Aim of the exercise: If a picture appears in the records below, drop it, and reproduce everything else exactly.

◇ ◇ ◇

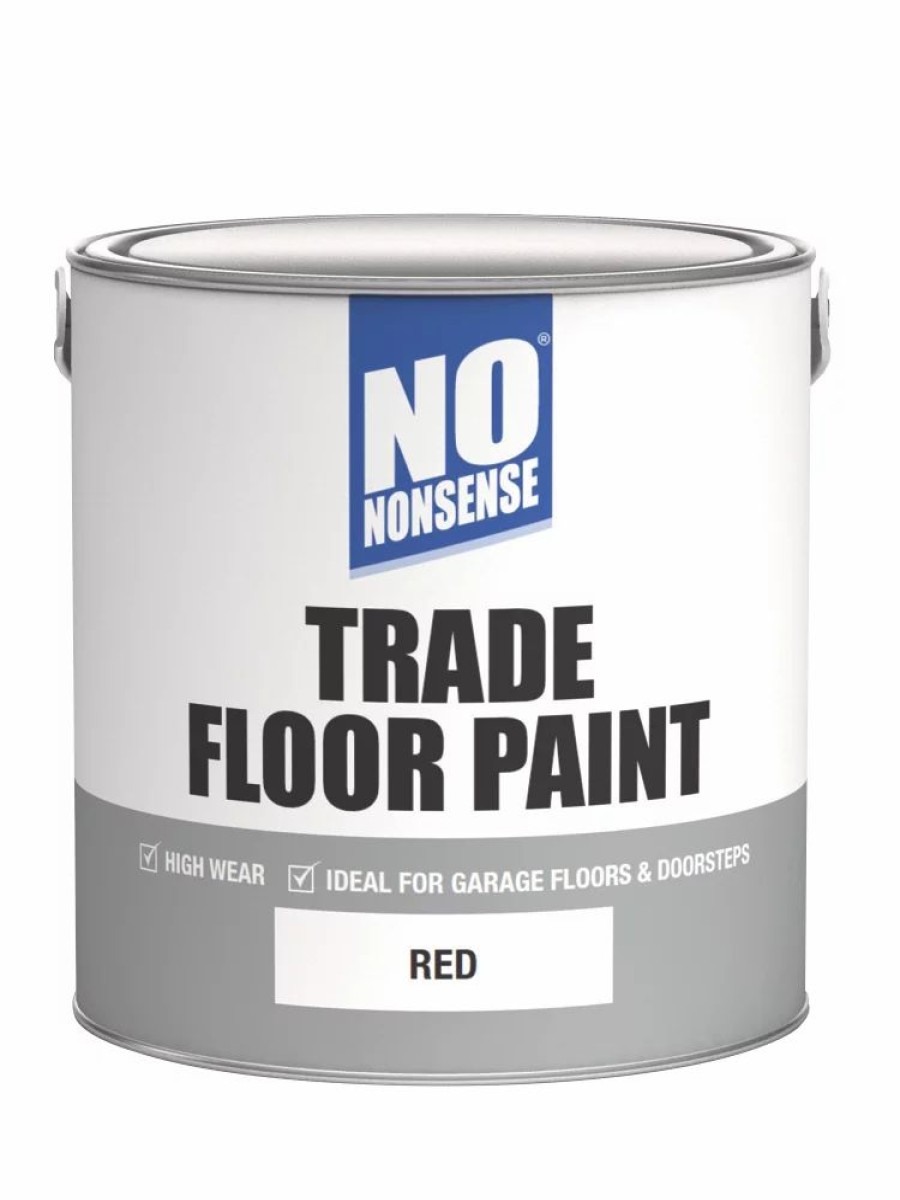 Decorating * | No Nonsense Trade Floor Paint Red 2.5Ltr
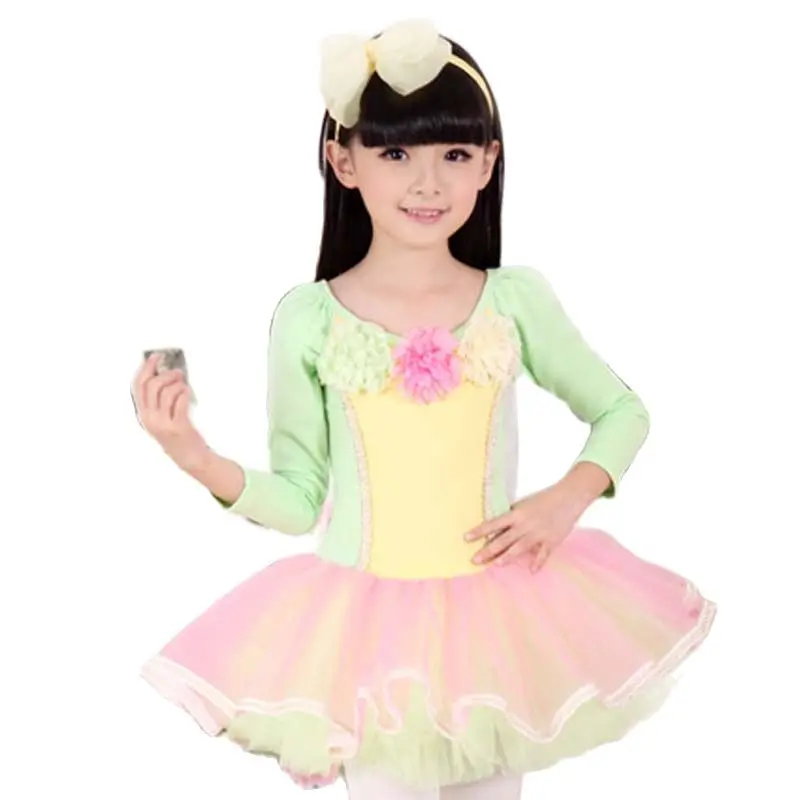 Детская балетная пачка танцевальное платье костюмы Лебедь озеро балетные для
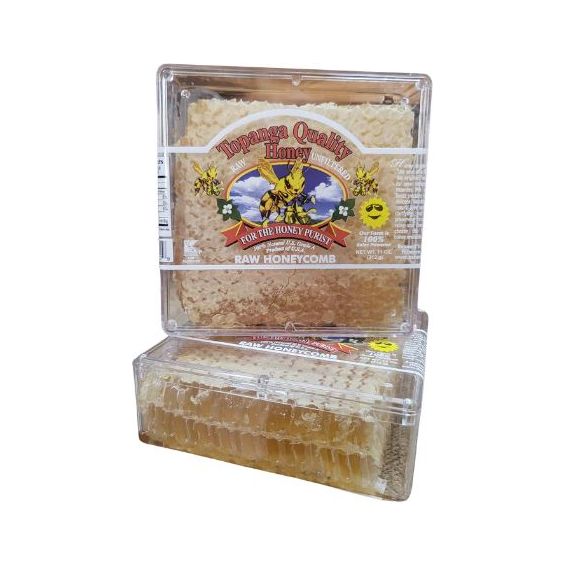 TOPANGA QUALITY HONEY: Honey Comb Square, 11 oz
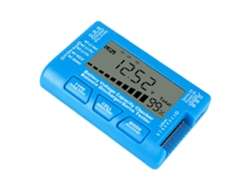 Comprobador De Baterías Digital Portátil Con Pantalla Lcd Retroiluminada Azul, Compatible Con Baterías De Litio-hierro Y De Iones De Litio.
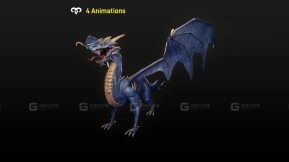 蓝龙动画  Blue Dragon Animated
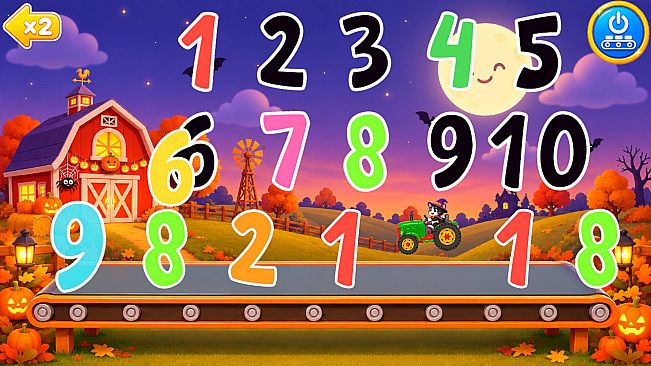 123 Halloween Early Learning Games for Kids, Toddlers, Babies 1+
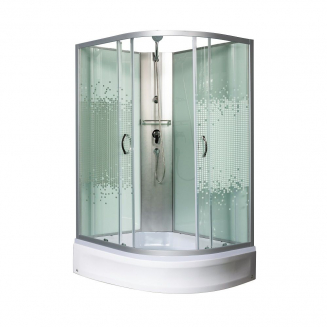 Душевая кабина МОНОМАХ  110/80/24 МЗ L без крыши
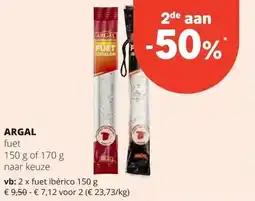 Spar ARGAL fuet 150 g aanbieding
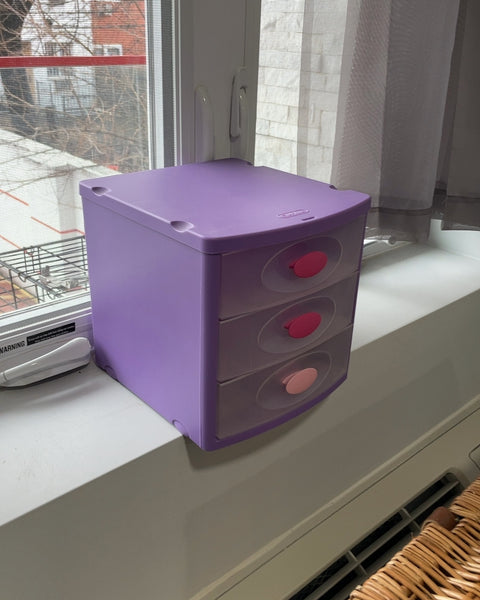 Sterilite 3-Drawer Unit, 8x9x10”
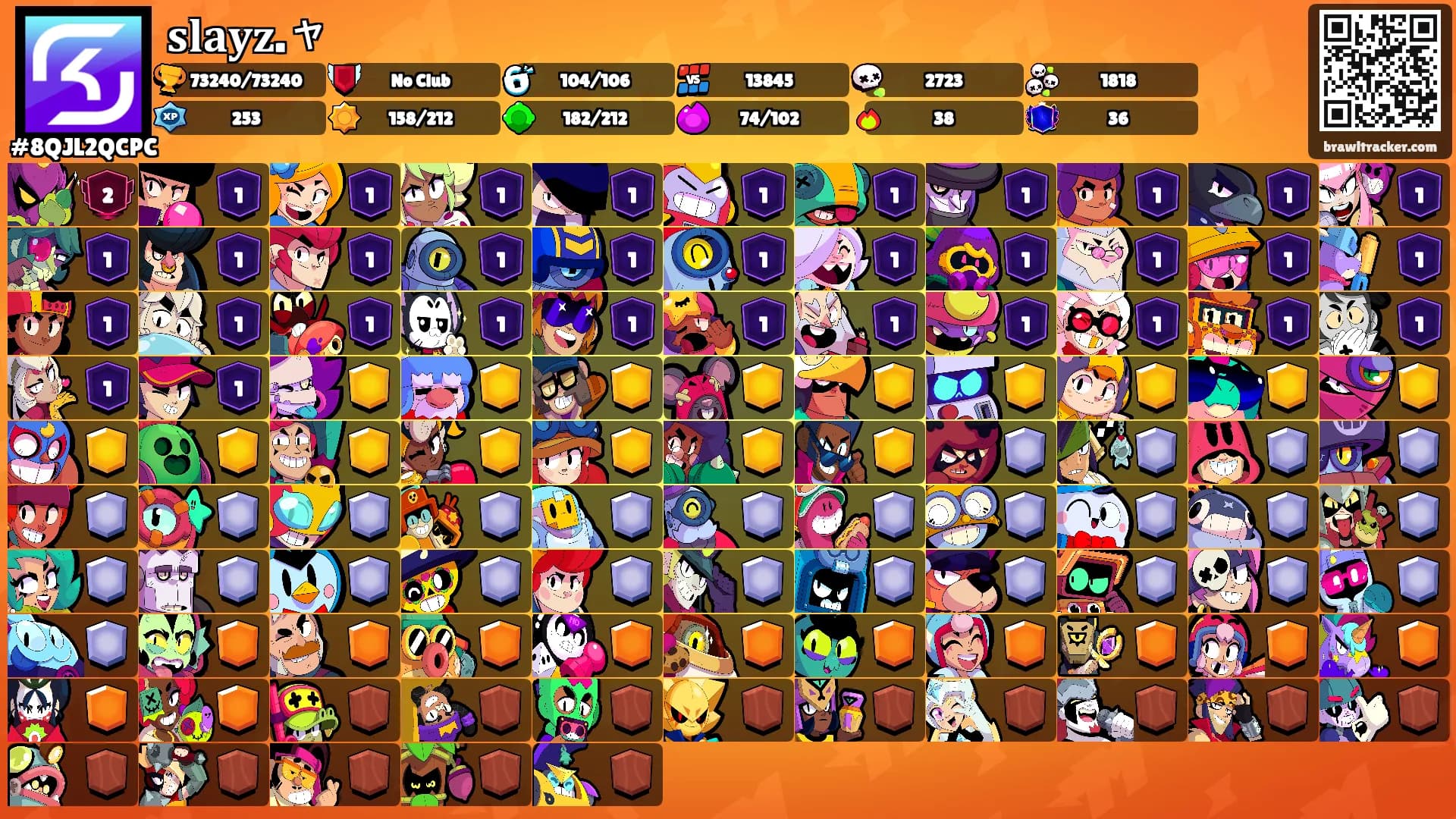 𝐬𝐥𝐚𝐲𝐳.ャ's Ranks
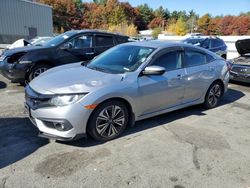 Salvage cars for sale at Exeter, RI auction: 2018 Honda Civic EX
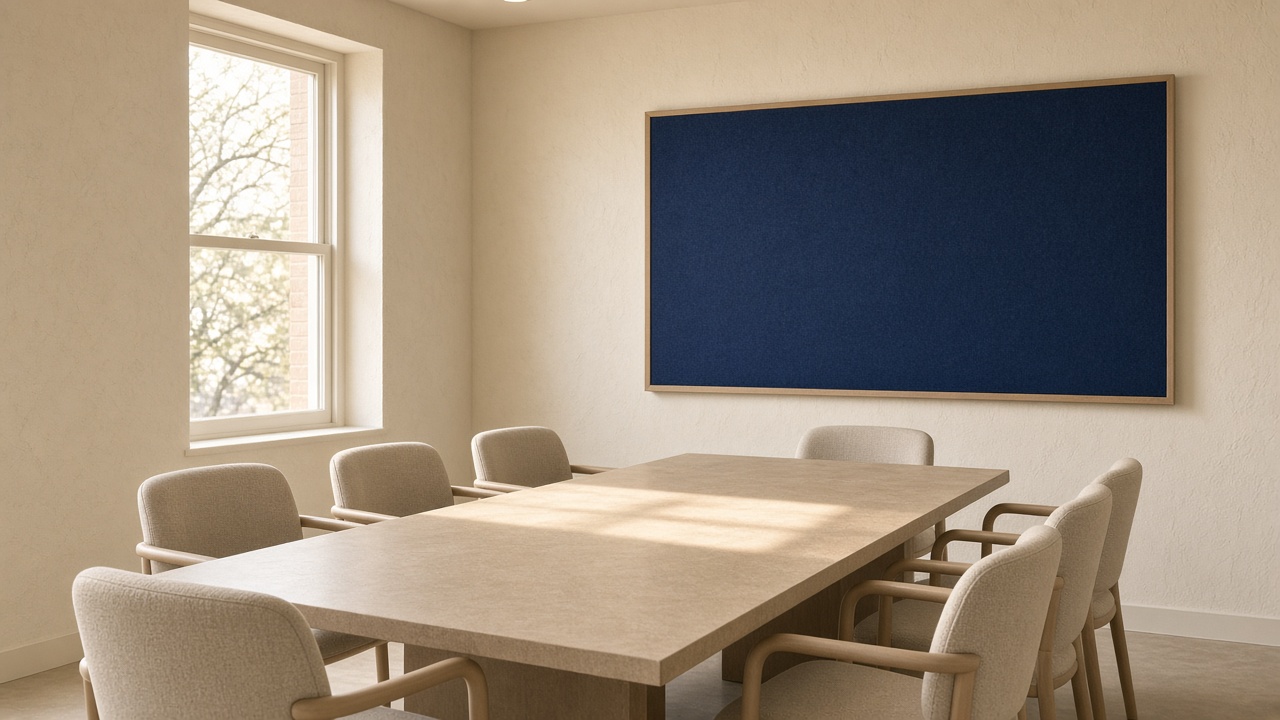 Cream conference room in daylight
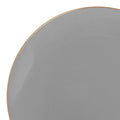 12-PACK OF Plate Salad 7.5" Gray-Gold Plastic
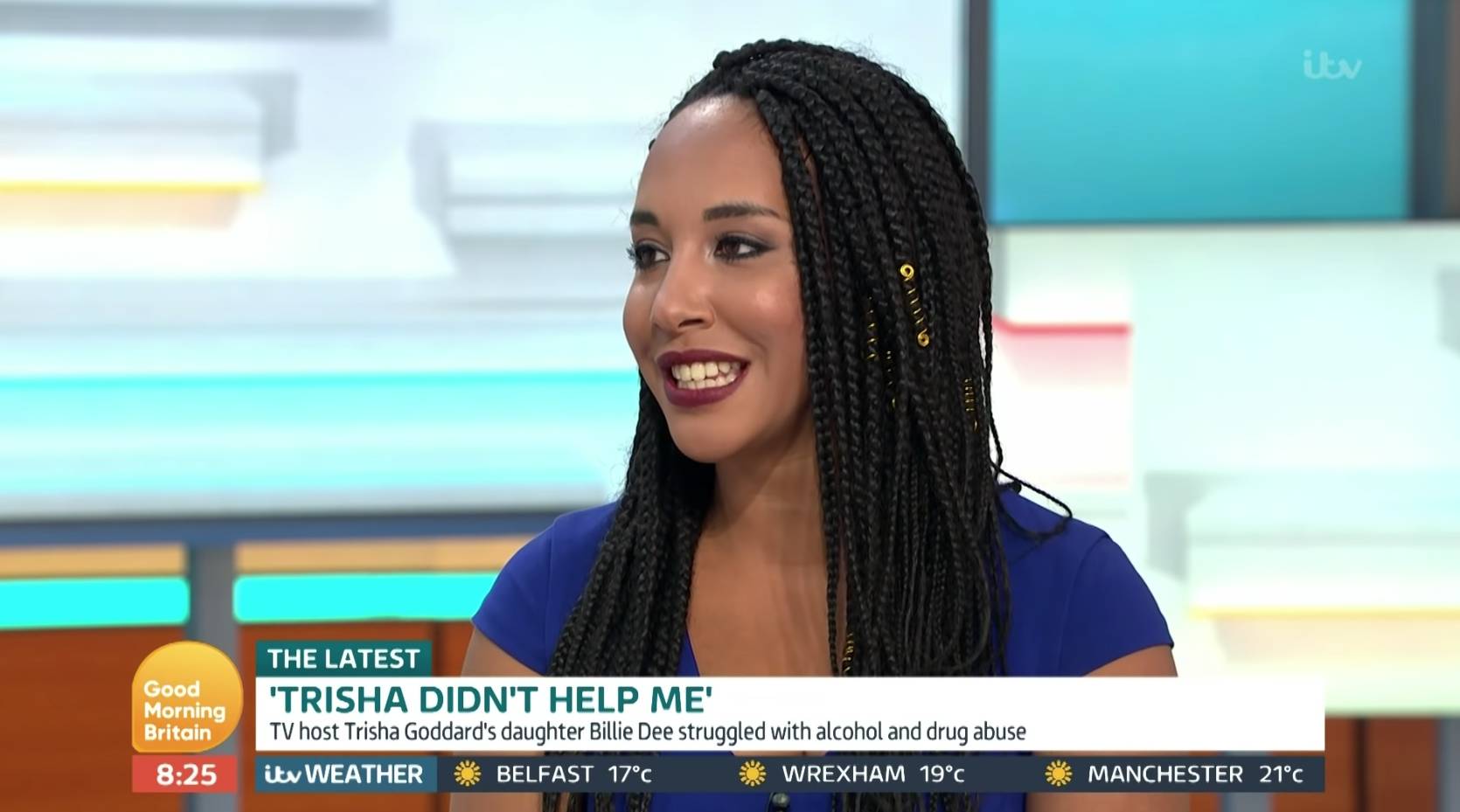 Trisha Goddard feared she had passed on AIDs to her daughter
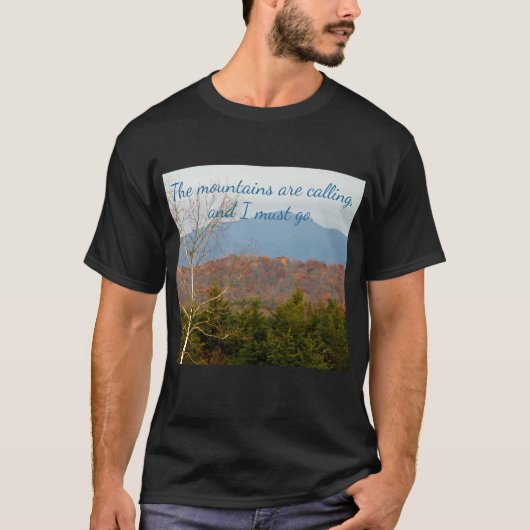 LandschaftsFoto Shenandoah blaues Ridge-Bergva T-Shirt (Vorderseite)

◇ ◇ ◇

Exercise output:
 Decorating * | No Nonsense Trade Floor Paint Red 2.5Ltr
 Детская балетная пачка танцевальное платье костюмы Лебедь озеро балетные для
 TOPANGA QUALITY HONEY: Honey Comb Square, 11 oz
 Comprobador De Baterías Digital Portátil Con Pantalla Lcd Retroiluminada Azul, Compatible Con Baterías De Litio-hierro Y De Iones De Litio.
 蓝龙动画  Blue Dragon Animated
 123 Halloween Early Learning Games for Kids, Toddlers, Babies 1+
 Душевая кабина МОНОМАХ  110/80/24 МЗ L без крыши
 Spar ARGAL fuet 150 g aanbieding
 Sterilite 3-Drawer Unit, 8x9x10”
 𝐬𝐥𝐚𝐲𝐳.ャ's Ranks
 Salvage cars for sale at Exeter, RI auction: 2018 Honda Civic EX
 Cream conference room in daylight
 12-PACK OF Plate Salad 7.5" Gray-Gold Plastic
 Trisha Goddard feared she had passed on AIDs to her daughter
 LandschaftsFoto Shenandoah blaues Ridge-Bergva T-Shirt (Vorderseite)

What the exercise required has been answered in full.